Using R-squared to quantify how much of the variation in a response variable is accounted for by explanatory variables.

Alternative document formats: Word & PDF

The statistical work we do is built around *models*. If the word “model” reminds you of a toy plane, you’re on the right track. A model is something we build in order to represent something in the real world. Usually the model is much simpler than the real-world object.

Models are useful when they serve a purpose. For instance, a toy plane can serve the purpose of teaching a child what are the main components of a plane and how they are related.

Many of the models built by statisticians are for the purpose of summarizing the relationship between variables. The modeling *framework* we are using (think modeling clay or balsa wood or a 3-d printer) involves a single *response variable* as output and one or more *explanatory variables* as input. One purpose for a model is description: if the input changes by a certain amount, how much does the output change.

Another important purpose for a model is to help us gauge *how much* of the variation in the response variable is *accounted for* by the explanatory variables. Knowing this guides conclusions about whether the explanatory variables are important in shaping the response variable. Or, looking at things the other way, knowing how much is accounted for also tells us how much remains *unaccounted for*.

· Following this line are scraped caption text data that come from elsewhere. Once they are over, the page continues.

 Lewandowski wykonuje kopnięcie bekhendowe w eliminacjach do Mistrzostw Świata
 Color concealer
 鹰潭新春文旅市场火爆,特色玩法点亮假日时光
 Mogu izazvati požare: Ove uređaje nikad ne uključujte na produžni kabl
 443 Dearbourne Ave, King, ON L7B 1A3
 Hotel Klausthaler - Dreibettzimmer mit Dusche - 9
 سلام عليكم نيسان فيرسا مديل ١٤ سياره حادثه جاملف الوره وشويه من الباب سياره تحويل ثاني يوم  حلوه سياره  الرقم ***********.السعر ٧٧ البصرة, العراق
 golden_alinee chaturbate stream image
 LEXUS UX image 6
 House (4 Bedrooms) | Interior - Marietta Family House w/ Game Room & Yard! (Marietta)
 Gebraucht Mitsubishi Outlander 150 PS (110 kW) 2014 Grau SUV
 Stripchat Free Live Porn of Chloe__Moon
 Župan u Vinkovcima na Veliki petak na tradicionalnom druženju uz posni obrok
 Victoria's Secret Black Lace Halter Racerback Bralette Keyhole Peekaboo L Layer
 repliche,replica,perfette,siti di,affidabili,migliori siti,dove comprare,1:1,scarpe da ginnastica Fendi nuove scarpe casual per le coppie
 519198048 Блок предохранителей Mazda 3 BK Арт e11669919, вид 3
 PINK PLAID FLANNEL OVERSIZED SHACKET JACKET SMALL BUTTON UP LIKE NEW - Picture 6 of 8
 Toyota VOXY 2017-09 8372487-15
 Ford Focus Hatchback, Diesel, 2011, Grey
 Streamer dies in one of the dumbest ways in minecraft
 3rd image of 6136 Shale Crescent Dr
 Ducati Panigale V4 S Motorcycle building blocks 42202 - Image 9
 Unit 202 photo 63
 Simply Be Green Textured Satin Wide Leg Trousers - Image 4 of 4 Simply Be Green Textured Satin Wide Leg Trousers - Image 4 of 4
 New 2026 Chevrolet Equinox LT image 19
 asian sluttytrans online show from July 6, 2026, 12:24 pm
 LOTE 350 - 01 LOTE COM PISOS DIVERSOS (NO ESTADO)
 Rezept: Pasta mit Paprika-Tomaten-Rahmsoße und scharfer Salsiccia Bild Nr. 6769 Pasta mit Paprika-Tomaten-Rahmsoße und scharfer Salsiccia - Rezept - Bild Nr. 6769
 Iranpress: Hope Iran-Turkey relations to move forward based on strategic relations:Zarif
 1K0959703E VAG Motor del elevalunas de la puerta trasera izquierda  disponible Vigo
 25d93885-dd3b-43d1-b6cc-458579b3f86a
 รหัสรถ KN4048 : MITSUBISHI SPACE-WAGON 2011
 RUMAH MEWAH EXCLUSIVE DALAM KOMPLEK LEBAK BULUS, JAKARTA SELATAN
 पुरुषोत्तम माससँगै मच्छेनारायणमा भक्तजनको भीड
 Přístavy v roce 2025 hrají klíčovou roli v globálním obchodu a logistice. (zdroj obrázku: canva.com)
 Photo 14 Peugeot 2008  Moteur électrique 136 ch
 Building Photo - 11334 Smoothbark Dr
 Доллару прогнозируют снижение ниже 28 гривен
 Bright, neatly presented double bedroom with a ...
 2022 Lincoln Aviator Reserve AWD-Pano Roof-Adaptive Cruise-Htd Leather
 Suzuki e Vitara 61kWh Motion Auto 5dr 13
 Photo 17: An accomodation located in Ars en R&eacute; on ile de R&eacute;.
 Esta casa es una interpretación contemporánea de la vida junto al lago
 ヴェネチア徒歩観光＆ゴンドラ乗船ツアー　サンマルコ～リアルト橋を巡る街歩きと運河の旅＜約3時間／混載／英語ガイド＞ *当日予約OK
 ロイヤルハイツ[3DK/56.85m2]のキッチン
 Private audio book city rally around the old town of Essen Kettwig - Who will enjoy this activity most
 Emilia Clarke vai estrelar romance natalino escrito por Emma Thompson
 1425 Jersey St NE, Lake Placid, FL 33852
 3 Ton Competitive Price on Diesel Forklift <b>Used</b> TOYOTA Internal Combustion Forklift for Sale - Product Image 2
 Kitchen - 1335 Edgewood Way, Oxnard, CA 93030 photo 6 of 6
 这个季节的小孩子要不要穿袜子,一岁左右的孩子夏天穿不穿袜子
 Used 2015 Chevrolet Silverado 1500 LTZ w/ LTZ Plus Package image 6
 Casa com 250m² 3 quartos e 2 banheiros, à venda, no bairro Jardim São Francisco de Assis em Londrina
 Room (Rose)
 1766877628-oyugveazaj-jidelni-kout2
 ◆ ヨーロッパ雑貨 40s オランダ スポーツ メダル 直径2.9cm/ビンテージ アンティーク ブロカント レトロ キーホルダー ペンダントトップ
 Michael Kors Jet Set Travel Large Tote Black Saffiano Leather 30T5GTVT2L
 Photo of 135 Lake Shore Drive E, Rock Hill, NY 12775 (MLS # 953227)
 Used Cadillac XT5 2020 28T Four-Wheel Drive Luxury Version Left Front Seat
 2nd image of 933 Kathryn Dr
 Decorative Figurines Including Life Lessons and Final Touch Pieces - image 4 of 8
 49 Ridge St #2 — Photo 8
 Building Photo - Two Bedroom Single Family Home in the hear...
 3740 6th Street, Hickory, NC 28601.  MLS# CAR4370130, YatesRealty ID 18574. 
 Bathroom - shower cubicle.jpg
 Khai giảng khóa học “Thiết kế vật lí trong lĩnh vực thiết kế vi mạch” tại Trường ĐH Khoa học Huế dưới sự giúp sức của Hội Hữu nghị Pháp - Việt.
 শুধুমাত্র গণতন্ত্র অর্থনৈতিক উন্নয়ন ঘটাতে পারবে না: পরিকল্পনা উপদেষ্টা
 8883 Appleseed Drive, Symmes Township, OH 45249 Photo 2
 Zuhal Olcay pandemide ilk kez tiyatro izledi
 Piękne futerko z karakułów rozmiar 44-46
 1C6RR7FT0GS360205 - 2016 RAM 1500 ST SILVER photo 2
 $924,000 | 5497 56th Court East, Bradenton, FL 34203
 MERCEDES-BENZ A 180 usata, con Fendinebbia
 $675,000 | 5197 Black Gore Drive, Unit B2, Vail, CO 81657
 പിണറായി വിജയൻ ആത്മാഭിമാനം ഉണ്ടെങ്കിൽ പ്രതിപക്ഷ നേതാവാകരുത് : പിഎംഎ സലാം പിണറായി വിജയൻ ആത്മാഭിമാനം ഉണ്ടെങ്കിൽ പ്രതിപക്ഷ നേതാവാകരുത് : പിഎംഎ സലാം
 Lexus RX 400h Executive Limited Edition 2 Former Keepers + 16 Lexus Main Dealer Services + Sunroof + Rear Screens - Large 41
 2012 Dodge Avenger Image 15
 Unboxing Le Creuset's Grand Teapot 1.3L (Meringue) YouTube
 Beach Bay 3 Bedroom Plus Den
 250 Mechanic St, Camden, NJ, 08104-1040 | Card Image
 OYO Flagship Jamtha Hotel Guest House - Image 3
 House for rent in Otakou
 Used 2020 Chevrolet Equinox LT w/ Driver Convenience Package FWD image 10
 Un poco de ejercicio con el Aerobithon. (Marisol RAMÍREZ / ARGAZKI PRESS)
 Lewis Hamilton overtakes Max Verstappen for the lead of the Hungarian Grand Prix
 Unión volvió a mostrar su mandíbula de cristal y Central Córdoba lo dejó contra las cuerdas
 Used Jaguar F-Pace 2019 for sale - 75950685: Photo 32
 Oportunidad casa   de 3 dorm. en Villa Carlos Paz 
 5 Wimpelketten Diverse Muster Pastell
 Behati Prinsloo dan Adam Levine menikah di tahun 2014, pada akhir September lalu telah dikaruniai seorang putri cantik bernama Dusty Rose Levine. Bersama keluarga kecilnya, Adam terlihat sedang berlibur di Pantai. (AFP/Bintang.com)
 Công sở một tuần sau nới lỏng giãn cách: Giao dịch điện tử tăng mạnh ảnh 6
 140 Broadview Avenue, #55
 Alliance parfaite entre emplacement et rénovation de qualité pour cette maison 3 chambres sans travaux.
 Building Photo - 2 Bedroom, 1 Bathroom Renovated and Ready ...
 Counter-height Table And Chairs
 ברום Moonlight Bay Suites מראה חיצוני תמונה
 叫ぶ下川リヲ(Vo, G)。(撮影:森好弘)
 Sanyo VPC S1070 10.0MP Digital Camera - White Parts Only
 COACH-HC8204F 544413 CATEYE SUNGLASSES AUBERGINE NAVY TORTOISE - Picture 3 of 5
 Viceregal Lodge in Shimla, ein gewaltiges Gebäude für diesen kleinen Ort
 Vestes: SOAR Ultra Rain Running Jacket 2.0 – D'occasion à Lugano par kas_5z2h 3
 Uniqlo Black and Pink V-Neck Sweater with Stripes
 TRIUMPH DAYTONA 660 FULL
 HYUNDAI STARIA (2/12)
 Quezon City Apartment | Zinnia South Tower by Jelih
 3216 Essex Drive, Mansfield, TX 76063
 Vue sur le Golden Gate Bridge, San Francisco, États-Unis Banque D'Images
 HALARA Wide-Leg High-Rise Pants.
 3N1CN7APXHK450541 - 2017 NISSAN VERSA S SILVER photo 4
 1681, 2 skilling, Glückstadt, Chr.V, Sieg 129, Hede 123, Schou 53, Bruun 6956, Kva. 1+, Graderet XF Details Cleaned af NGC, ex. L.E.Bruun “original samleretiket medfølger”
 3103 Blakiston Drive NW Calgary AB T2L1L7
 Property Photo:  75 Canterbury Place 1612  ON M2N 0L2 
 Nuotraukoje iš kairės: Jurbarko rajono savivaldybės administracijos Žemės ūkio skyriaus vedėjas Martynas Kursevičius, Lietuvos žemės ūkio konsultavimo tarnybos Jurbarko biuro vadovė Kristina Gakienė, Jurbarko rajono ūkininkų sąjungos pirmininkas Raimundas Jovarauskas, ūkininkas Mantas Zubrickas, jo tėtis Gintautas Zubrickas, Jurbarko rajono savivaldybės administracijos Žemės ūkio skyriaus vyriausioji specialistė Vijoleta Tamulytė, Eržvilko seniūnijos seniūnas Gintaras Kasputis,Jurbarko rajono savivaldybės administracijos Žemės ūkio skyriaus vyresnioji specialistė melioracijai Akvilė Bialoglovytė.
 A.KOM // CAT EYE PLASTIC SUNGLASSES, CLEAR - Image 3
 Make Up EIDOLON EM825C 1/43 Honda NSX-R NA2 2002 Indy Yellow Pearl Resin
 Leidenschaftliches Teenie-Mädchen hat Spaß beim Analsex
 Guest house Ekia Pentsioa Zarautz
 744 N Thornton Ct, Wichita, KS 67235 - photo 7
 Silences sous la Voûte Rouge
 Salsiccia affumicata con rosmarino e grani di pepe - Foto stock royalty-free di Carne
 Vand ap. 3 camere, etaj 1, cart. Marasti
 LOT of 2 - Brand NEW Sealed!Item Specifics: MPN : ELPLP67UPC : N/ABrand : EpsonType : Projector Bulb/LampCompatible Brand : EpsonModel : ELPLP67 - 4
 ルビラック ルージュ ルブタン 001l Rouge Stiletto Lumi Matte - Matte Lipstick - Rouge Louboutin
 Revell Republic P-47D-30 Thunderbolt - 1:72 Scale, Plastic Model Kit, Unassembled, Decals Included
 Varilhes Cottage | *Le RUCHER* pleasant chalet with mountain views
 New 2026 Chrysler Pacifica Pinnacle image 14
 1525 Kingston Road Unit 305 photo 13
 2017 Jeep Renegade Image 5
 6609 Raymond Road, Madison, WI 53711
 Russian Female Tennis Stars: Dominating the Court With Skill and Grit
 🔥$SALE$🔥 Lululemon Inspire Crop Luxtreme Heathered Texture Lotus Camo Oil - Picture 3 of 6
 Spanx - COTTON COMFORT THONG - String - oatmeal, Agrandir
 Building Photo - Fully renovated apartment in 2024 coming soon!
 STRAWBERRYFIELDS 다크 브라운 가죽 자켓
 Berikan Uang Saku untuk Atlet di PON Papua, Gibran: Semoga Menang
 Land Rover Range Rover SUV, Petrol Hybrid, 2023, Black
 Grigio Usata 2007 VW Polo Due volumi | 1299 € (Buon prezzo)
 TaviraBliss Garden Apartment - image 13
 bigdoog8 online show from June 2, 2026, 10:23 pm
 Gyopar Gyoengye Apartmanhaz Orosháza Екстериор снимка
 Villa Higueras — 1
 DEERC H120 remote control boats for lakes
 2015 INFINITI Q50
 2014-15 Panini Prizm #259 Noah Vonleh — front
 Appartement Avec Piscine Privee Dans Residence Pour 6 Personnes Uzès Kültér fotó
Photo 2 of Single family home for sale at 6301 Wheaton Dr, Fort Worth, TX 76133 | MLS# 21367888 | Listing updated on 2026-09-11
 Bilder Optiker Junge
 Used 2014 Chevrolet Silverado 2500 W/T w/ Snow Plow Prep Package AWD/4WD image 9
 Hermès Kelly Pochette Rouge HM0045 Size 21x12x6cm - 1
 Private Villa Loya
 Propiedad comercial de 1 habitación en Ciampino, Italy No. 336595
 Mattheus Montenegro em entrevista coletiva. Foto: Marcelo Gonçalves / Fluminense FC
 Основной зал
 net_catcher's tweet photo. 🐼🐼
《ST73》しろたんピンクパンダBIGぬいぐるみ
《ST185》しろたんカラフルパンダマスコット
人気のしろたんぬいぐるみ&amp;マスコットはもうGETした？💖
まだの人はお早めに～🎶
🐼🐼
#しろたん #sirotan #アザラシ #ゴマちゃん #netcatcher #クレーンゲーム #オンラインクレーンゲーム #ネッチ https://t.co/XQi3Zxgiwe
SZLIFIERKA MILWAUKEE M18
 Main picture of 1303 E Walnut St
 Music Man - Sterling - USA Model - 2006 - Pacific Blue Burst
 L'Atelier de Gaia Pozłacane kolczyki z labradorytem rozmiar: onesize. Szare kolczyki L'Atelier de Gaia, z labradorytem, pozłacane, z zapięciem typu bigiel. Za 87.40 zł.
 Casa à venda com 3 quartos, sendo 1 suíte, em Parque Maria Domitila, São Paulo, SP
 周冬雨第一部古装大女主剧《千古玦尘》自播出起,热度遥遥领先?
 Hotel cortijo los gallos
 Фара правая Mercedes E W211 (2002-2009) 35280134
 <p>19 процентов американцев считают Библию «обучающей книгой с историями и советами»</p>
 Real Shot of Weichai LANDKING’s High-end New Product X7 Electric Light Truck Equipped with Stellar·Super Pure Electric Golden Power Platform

That’s what this lesson is about. As you’ll see, we’ll work with a statistic called R with the long-winded name “coefficient of variation.” (When you read about statistical models, you’ll generally encounter the square of R, called “R-squared” and written R^{2}. There’s a good reason for that, but it’s not important now.)

The first step in finding out how much of the variation in the response variable is accounted for by the explanatory variables is, perhaps obviously, to measure how much variation there is in the response variable. Open the Little_App_Regression Little App (See footnote

^{1}), set Source Package to`Little Apps`

, set the data set to`Natality_2014`

data frame, setting the response variable to be`fagecome`

the age of the father and the explanatory variable to be`mager`

the age of the mother.The graph that will be displayed will look like this (although your random sample will be different):

Click on Graph in the top tool bar, and then click on the box next to Show auxiliary graph. This will display two graphs to the right, one marked as model and one marked as raw. The raw graph show the values for the response variable and an I-shaped bar. There is one dot for each value of the data (although they may overlap). Note that the explanatory variable isn’t involved in the raw graph, the dots and bar are just about the response variable. The *variability* in the response variable is the amount of spread of the data. One not very reliable way to measure the variability is to look at the range of the variable, the difference between the biggest and smallest value.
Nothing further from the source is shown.